The process of catching up is often uneven and unfair. Makers of established brands have an obvious advantage when entering a new or emerging market. They have the know-how and resources to market their brands, and can easily dominate local competition, either by importing or by making their branded goods locally.
Although producing locally creates jobs as well as providing know-how for local managers and workers, multinationals can drive valued and traditional local brands out of business simply because these lack the capital and aggressive management to defend their market. Governments, driven by politics rather than love of brands, don’t help much. They tend to look after the jobs and revenues of the big deals, and let small owners of local brands languish.
A global brand can be attractive in a small country simply because of its worldly cachet. Giant makers of fast-moving consumer goods (FMCGs) such as Altria (formerly Philip Morris), Procter & Gamble, Nestle, and Unilever, capitalize on the efficiency of being very big and simply deploy the same brands and advertising from country to country—even when the products aren’t the same. It’s no secret, for example, that Stella Artois is brewed locally in places like Croatia and New Zealand, not imported from Belgium; Procter & Gamble customers complained for years that the Tide detergent manufactured in Belgium for Western Europe was of higher quality than the Tide made in the Czech Republic for sale in the East.
Sometimes an enlightened multinational will maintain or revitalize a local brand, perhaps years after it was last seen on the market. In eastern Europe, many local brands were given new life after the end of communism opened the region to foreign investment. Czech carmaker Skoda, long the butt of jokes in countries such as the UK, completely re-engineered its vehicles after Volkswagen took over in 1991. Model names from the 1940s and 1950s, like Felicia and Octavia, were revived and Skoda now regularly wins Car of the Year awards all over Europe.

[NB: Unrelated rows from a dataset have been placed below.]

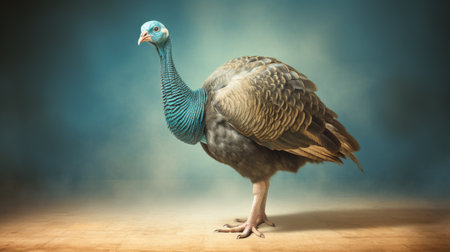 an image of a turkey standing on a wooden floorの素材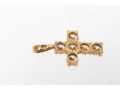 14k Yellow Gold Pretty Round Brilliant Cut CZ Set Cross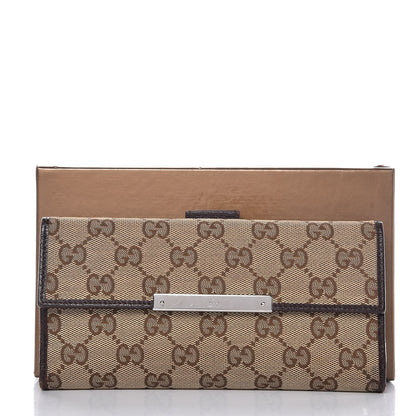 Gucci Monogram Metal Bar Continental Flap Wallet Beige Ebony Dark Brown 8 of 8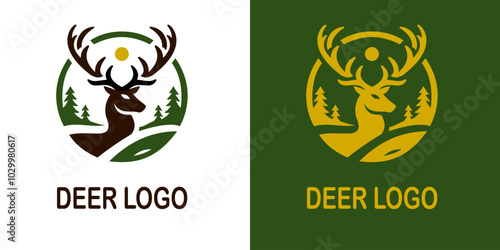 Elegant deer logo featuring a majestic deer with antlers, set against a natural backdrop of trees and a sun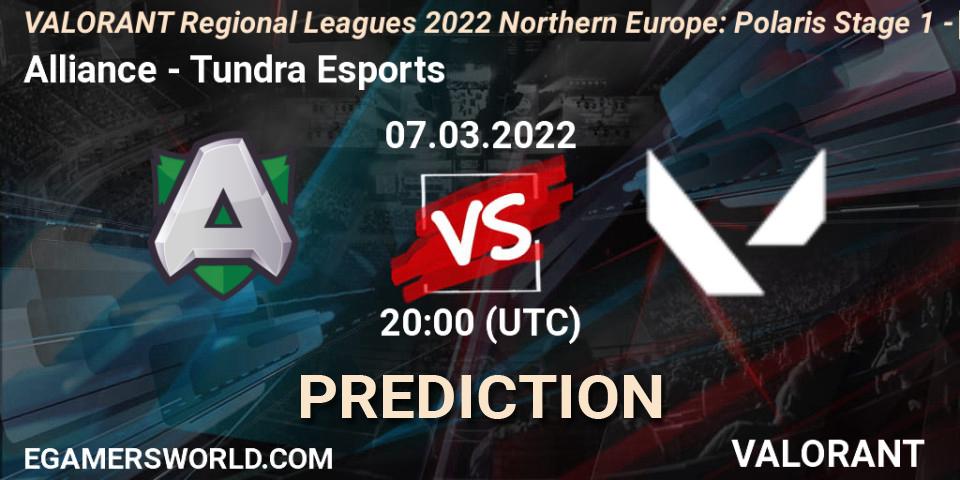 Alliance vs Tundra Esports: Betting TIp, Match Prediction. 07.03.2022 at 20:00. VALORANT, VALORANT Regional Leagues 2022 Northern Europe: Polaris Stage 1 - Regular Season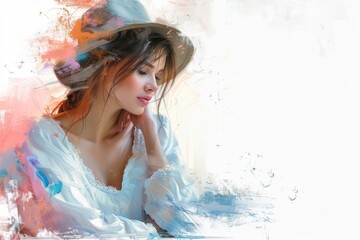 A woman acting, romantic drama, impressionist painting, pastel colors, isolated on white background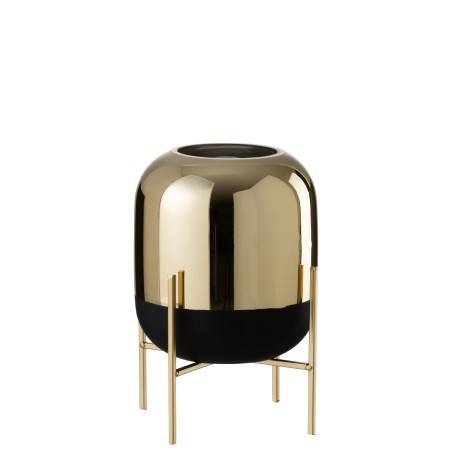 Photophore sur pied noir/or petit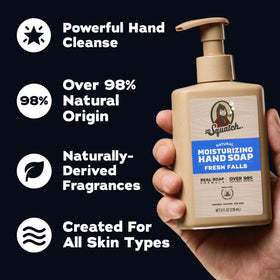 Dr. Squatch in-hand use at kitchen sink showing grease removal and hydration benefit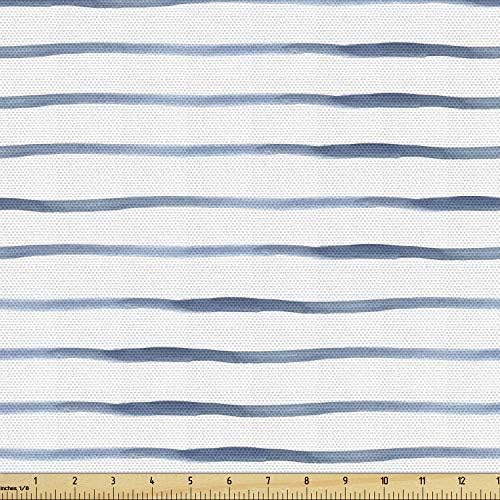 Ambesonne Harbour Stripe Fabric by The Yard, Abstract Brushstroke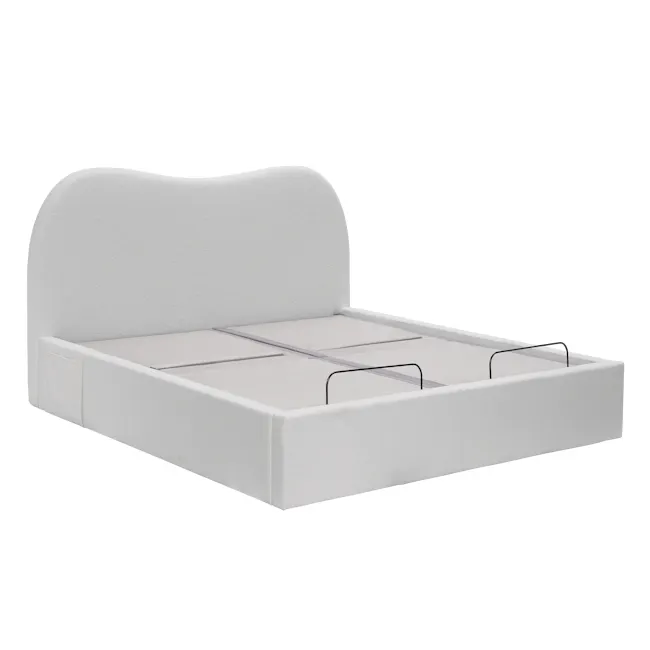 Lyra Split King Adjustable Bed - Grey Boucle - 9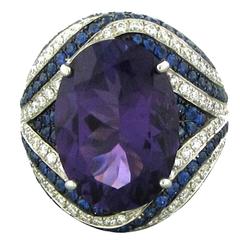 Asprey Gold Diamond Amethyst Sapphire Ring 5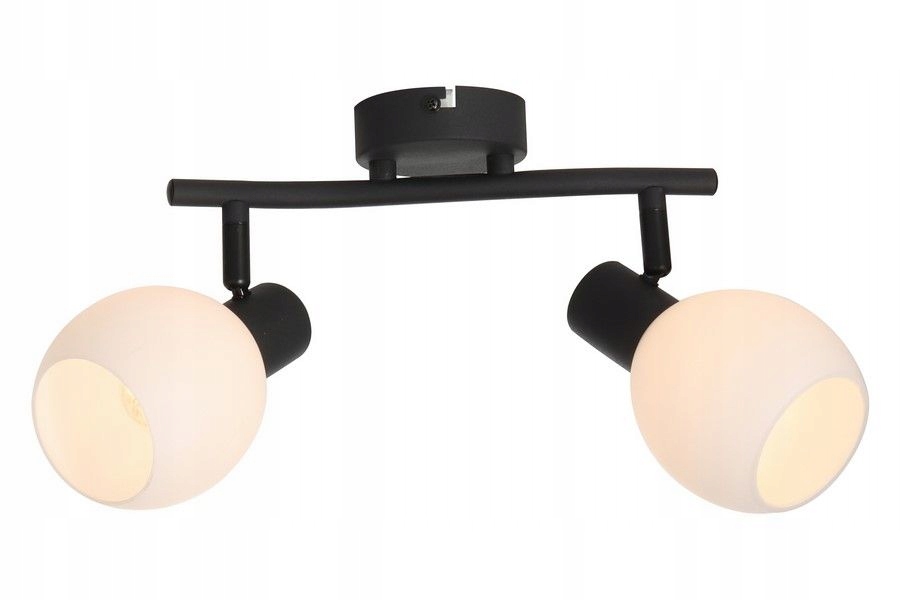 Dvojitá nástěnná lampa nad zrcadlo, černá, bílá stínidla s regulací Cortez, chodba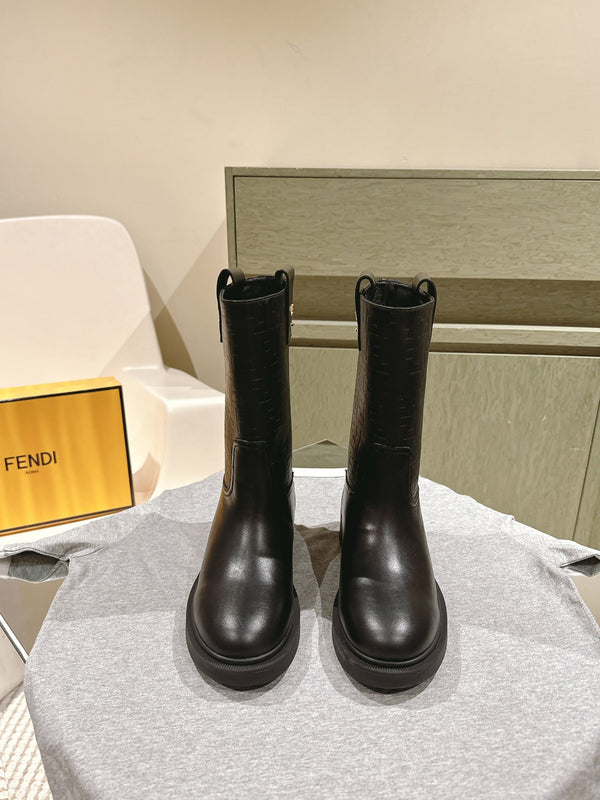 Fendi Ankle Boots F Embossed Pattern Black Cowhide 463741
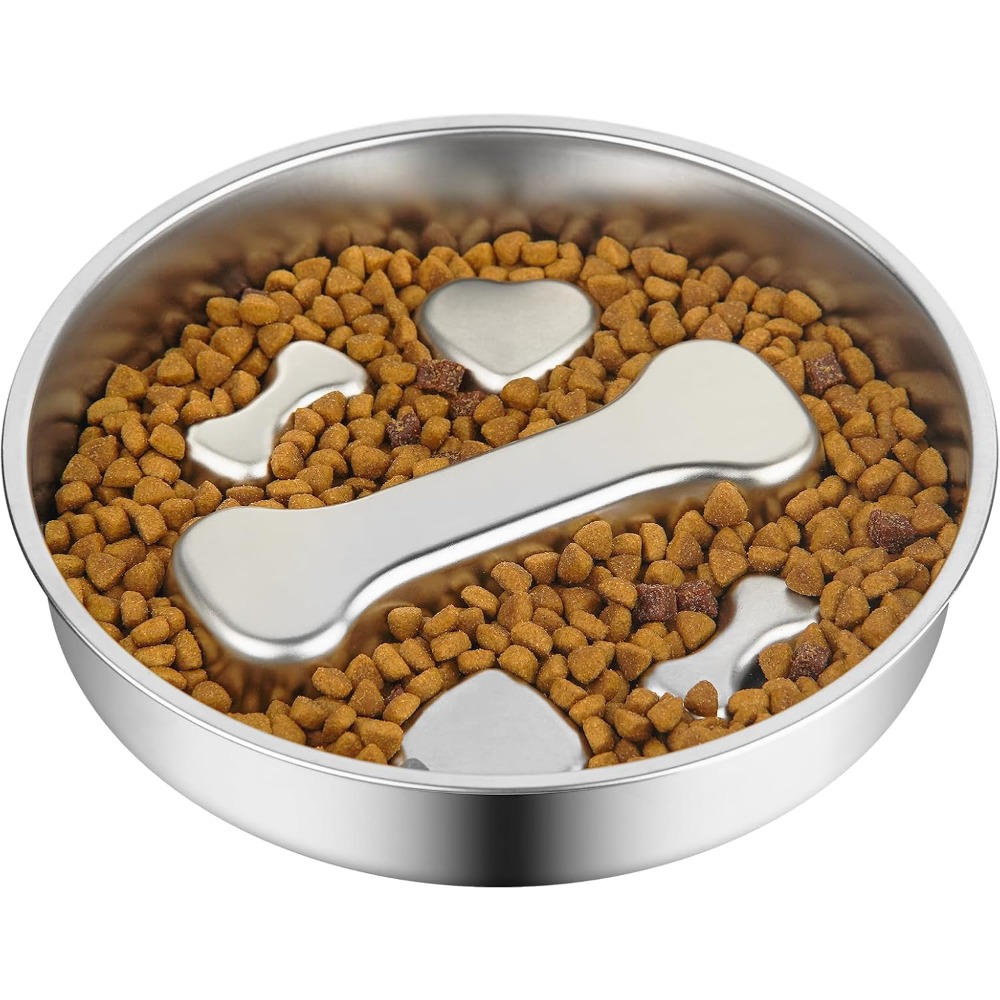 Royal Canin Food Medium - スローフィーダー犬用ボウル ステンレス製滑り止めリックプレート 子犬または猫用フードホルダー パズル迷路皿 中型犬種向け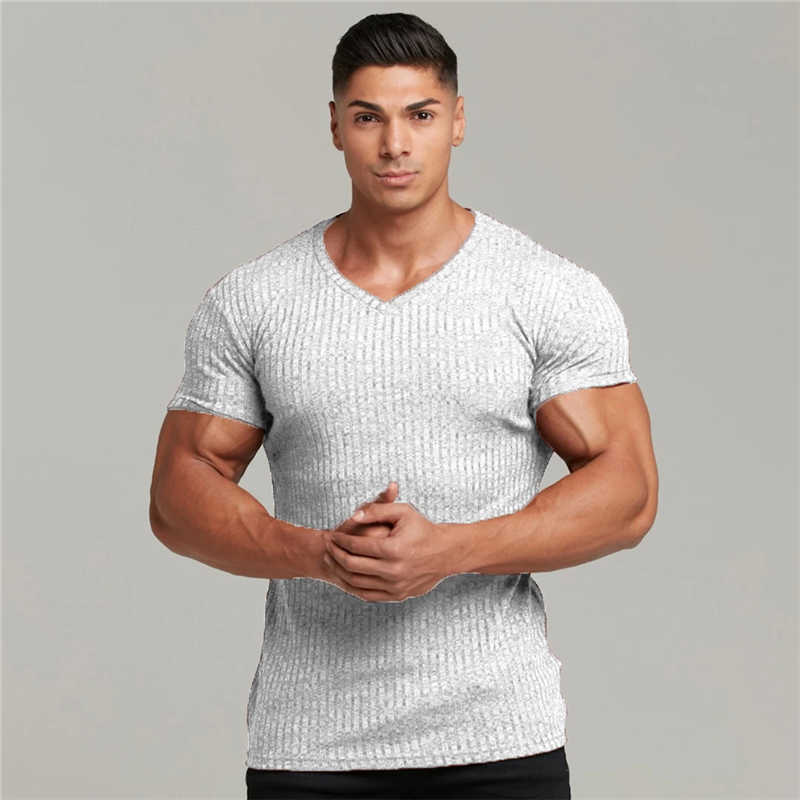 Men V Neck Short Sleeve T Shirt Fitness Slim Fit Sports Strips T-shirt Male Solid Fashion Tees Tops Summer Knitted Gym Clothing 210629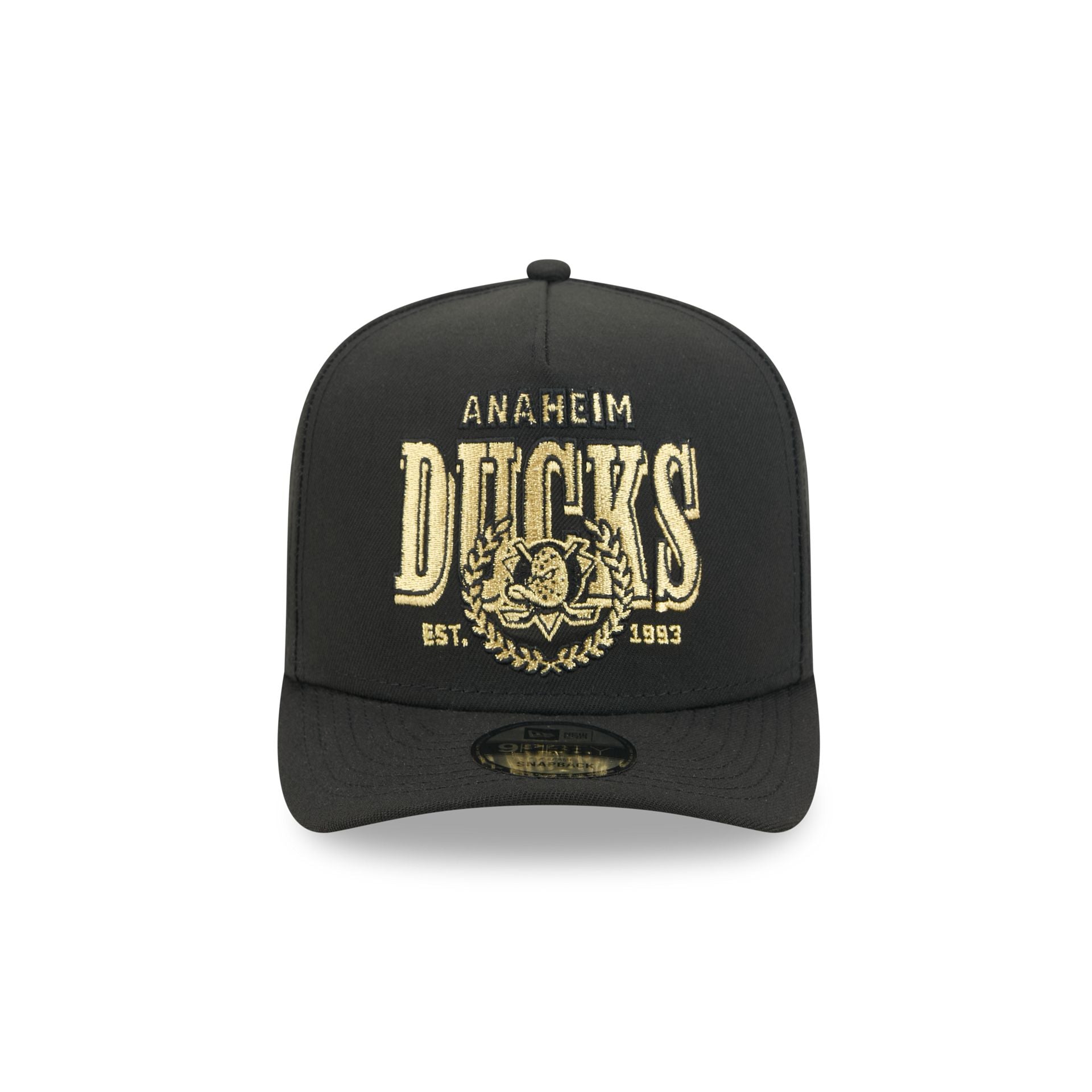 Anaheim Ducks Gold Laurel Black 9FIFTY A-Frame Snapback Hat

Major breweries in Prague and Pilsen, with only minor upgrades to their products, saw global exports skyrocket to unprecedented levels after new management from SABMiller and Bass took over the brand marketing.
What brands can do for beer or cars, they can do for candy too. Prague’s big chocolate maker, Cokoladovny, was acquired by Nestle and Danone in 1991. Old product brands were livened up and new ones reintroduced to the local market with great success. In one case, the popular, unofficial name of an old favorite—fidorka—was adopted as the new brand name, an excellent example of listening to your customers.
Success doesn’t just come when foreigners take over. The maker of Kofola, a Czech soft drink, disappeared after the end of communism, but the brand was brought back in the late 1990s by a group of local managers who had gained experience in marketing for multinationals and started a new venture to revive the once-popular cola.
Globalization seems unstoppable, but many corporations have realized that big, global brands don’t enjoy unlimited appeal. There is value in local brands for the simple reason that they form part of the local culture and win over loyal, local customers because they’re “ours.” But the best local brands can also transcend their borders and go global themselves. China seems to epitomize the next phase of globalization: it is moving away from making commodity goods to building its own brands in shoes, computers, electronics, white goods, and other areas. Interbrand, in its report Best Brands in China 2006 (produced together with BusinessWeek), noted that “among the best Chinese brands, brand management is already relatively sophisticated and progressing at a rapid pace. Chinese brands are increasingly using global best practices and are becoming formidable competitors to non-Chinese brands, both domestically and globally.”